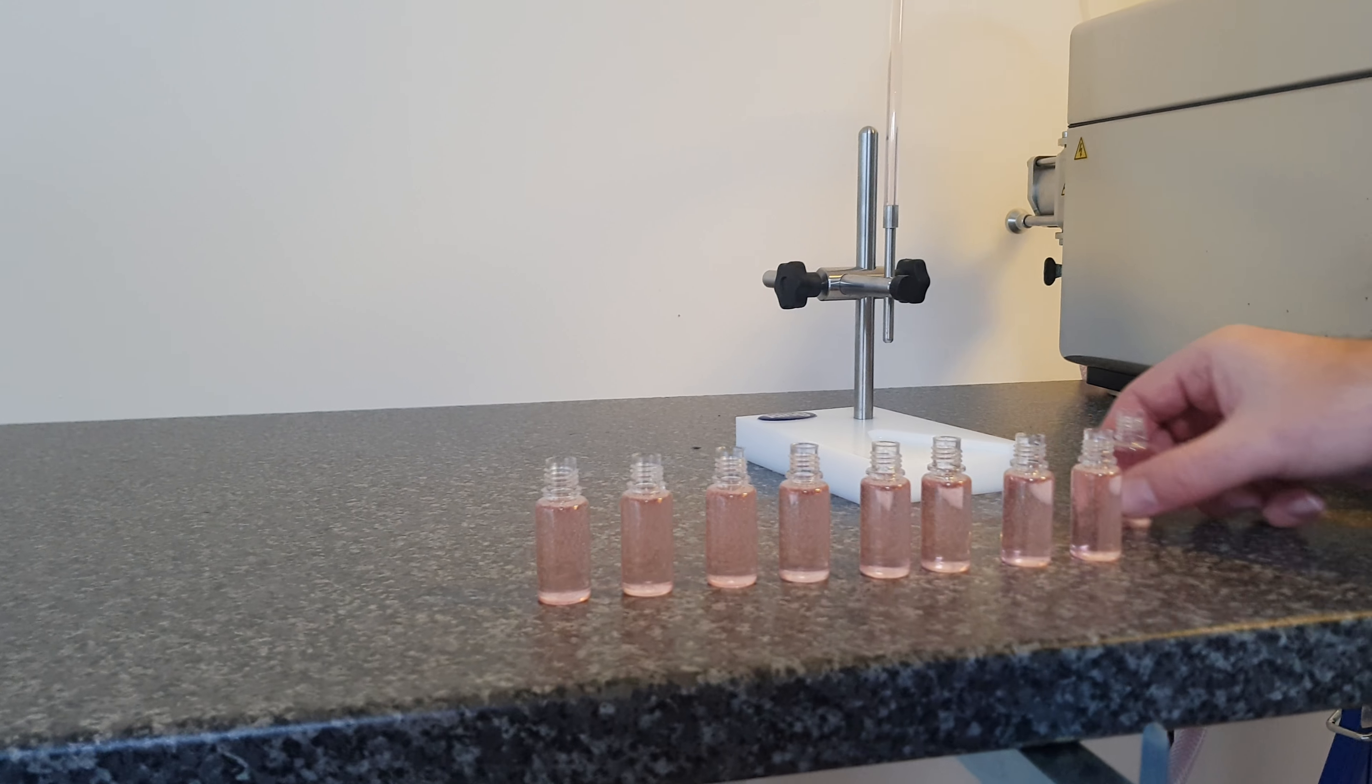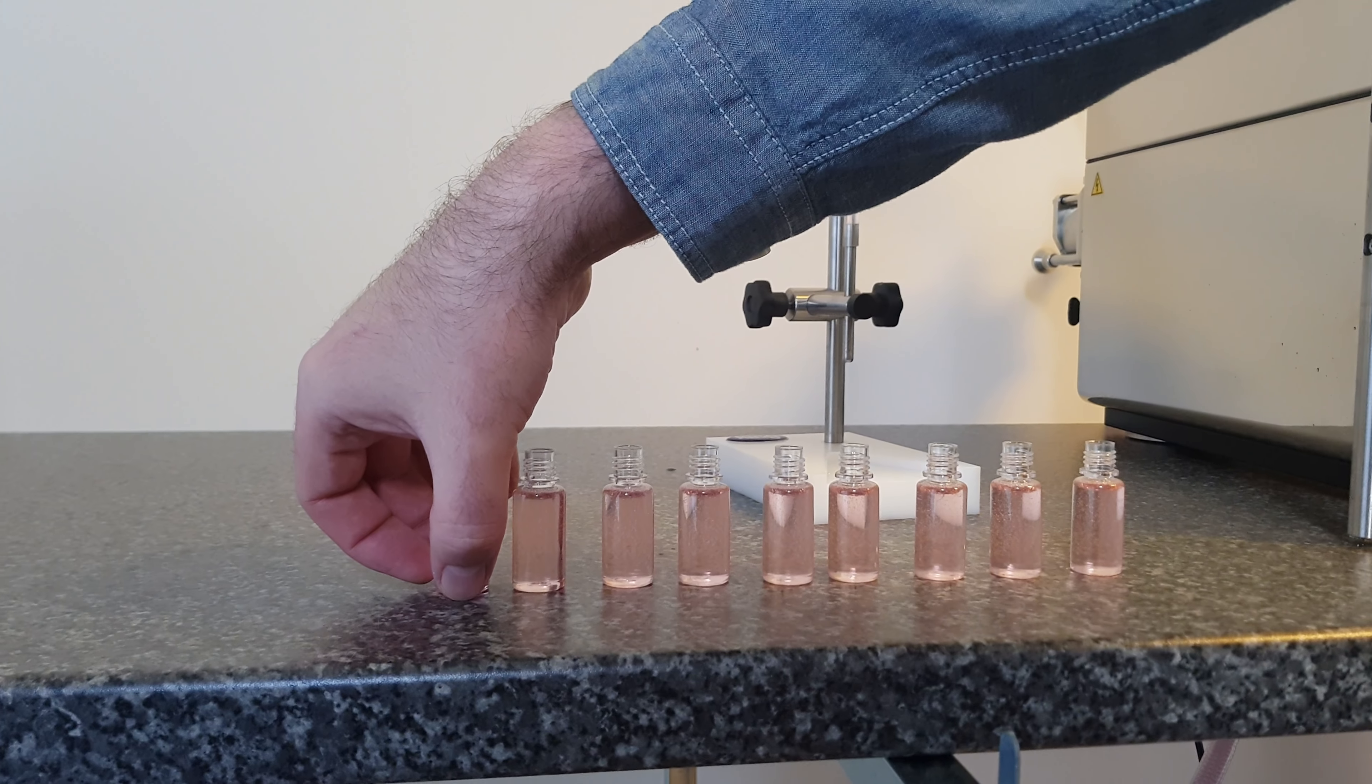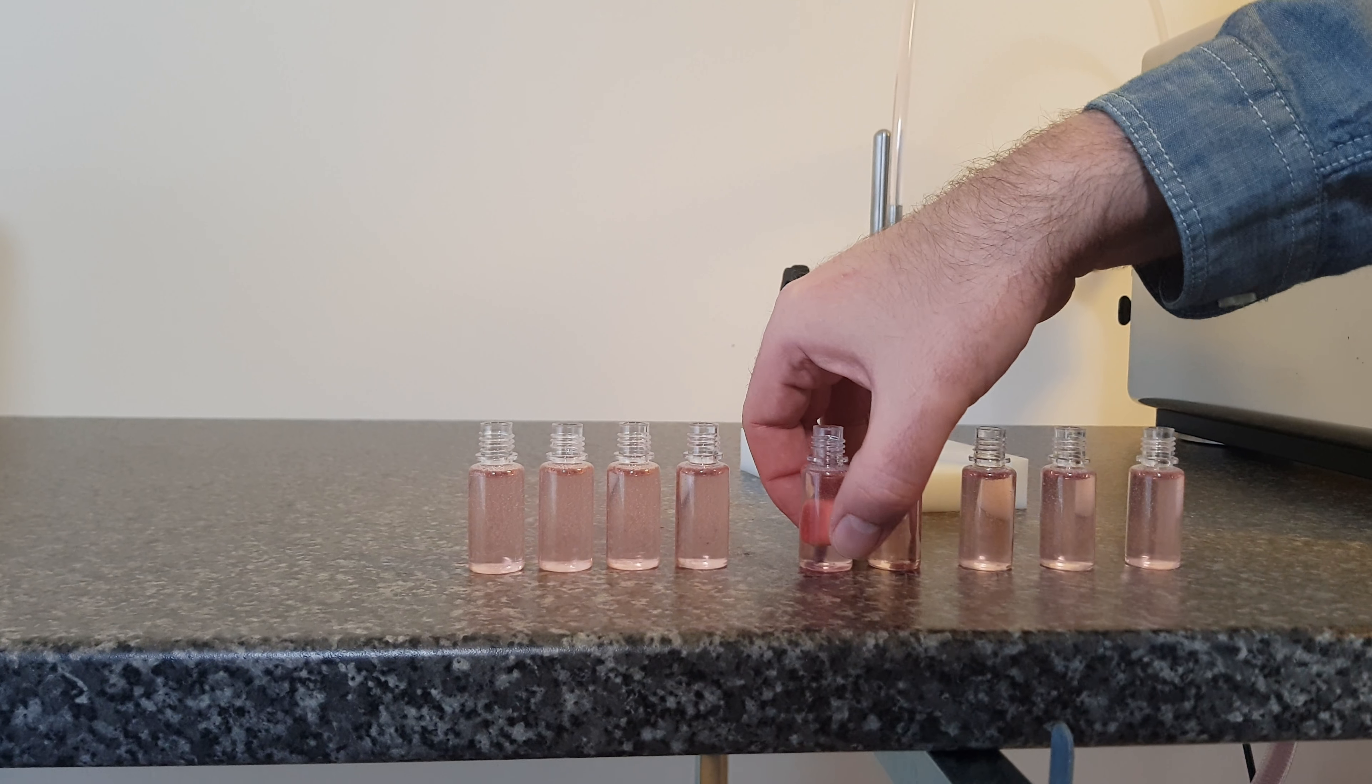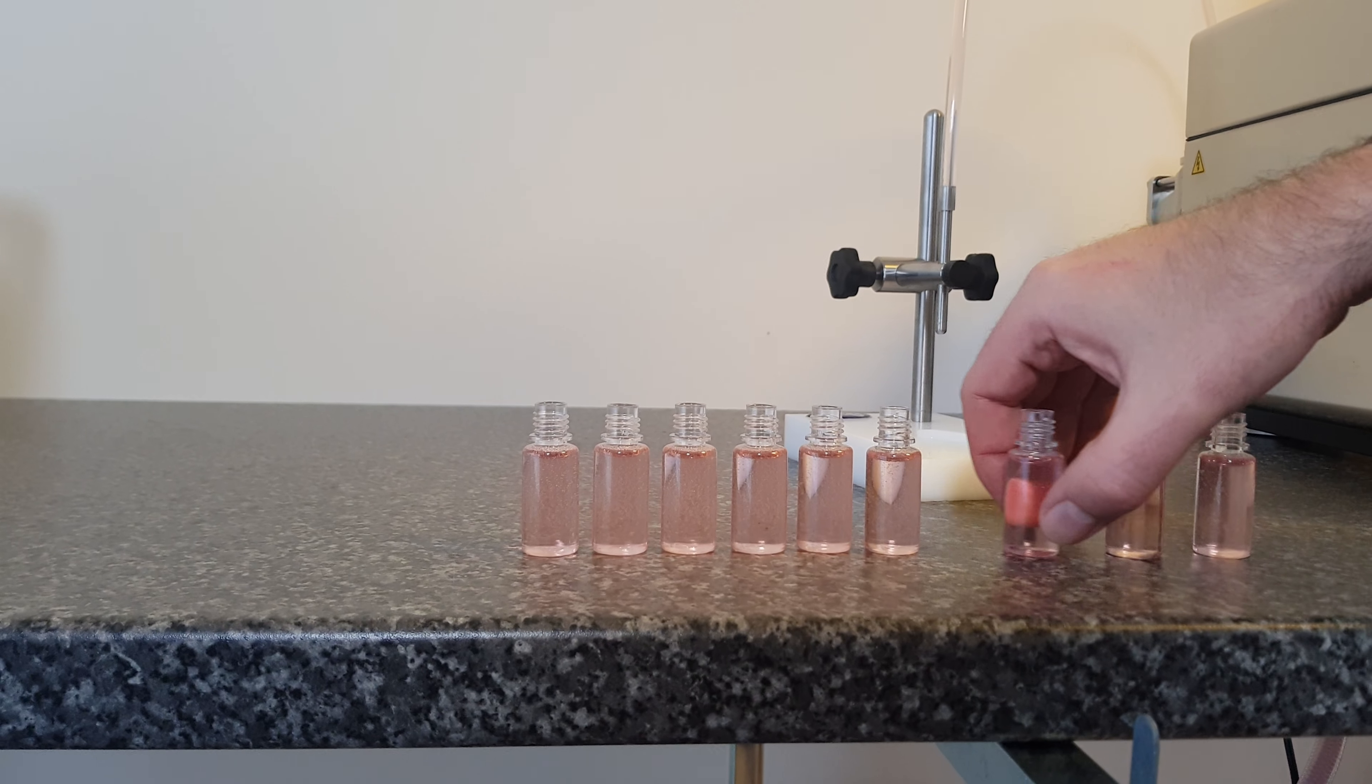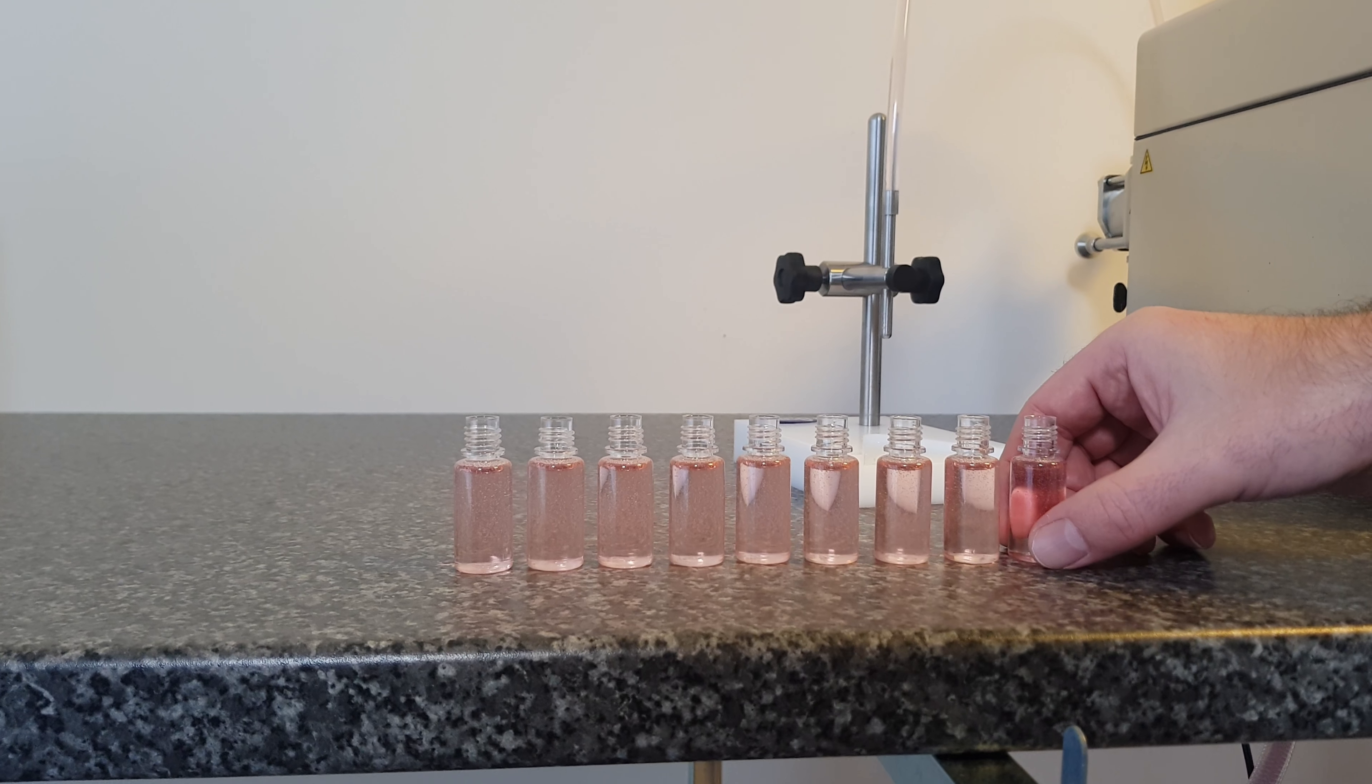The record is one customer managed to do 65 a minute by hand. That's the record. That's on a 10mm fill. I think we're 22 on a 15mm. That's going some.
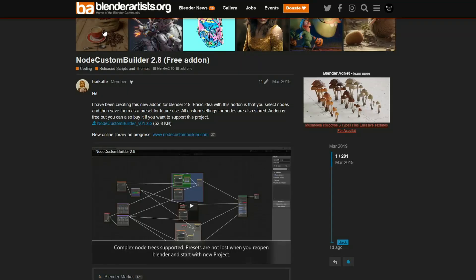Now keep in mind, there is a sale on Blender Market — I think it finishes tomorrow, Sunday the 11th. So if you want to get stuff on Blender Market, it might be worth it. Going back in time here, this is the Node Custom Builder 2.8. It's absolutely fantastic — one of those things that probably should be implemented into Blender. It lets you create nice presets and nice custom nodes. Fantastic. It came out in 2019 and it's pretty much still kicking around.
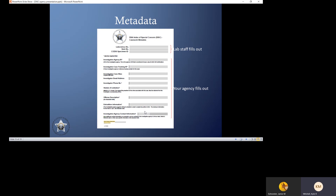The remaining required fields are the investigator phone number, statute of limitations, offense description, and extradition information. At a minimum, extradition must be answered as 'yes, willing to extradite,' or as 'pending extradition determination.' Lastly, a good agency contact is needed — not only do you have your 24-hour monitored ORI, but we also need someone available to make that phone call to the booking agency to say, hold on to this person, we would like to question them about a homicide in Oregon. This information needs to be accurate and up to date.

- - - -

Copy the material verbatim. The pictures are not part of the copy.

The record is one customer managed to do 65 a minute by hand. That's the record. That's on a 10mm fill. I think we're 22 on a 15mm. That's going some.
Now keep in mind, there is a sale on Blender Market — I think it finishes tomorrow, Sunday the 11th. So if you want to get stuff on Blender Market, it might be worth it. Going back in time here, this is the Node Custom Builder 2.8. It's absolutely fantastic — one of those things that probably should be implemented into Blender. It lets you create nice presets and nice custom nodes. Fantastic. It came out in 2019 and it's pretty much still kicking around.
The remaining required fields are the investigator phone number, statute of limitations, offense description, and extradition information. At a minimum, extradition must be answered as 'yes, willing to extradite,' or as 'pending extradition determination.' Lastly, a good agency contact is needed — not only do you have your 24-hour monitored ORI, but we also need someone available to make that phone call to the booking agency to say, hold on to this person, we would like to question them about a homicide in Oregon. This information needs to be accurate and up to date.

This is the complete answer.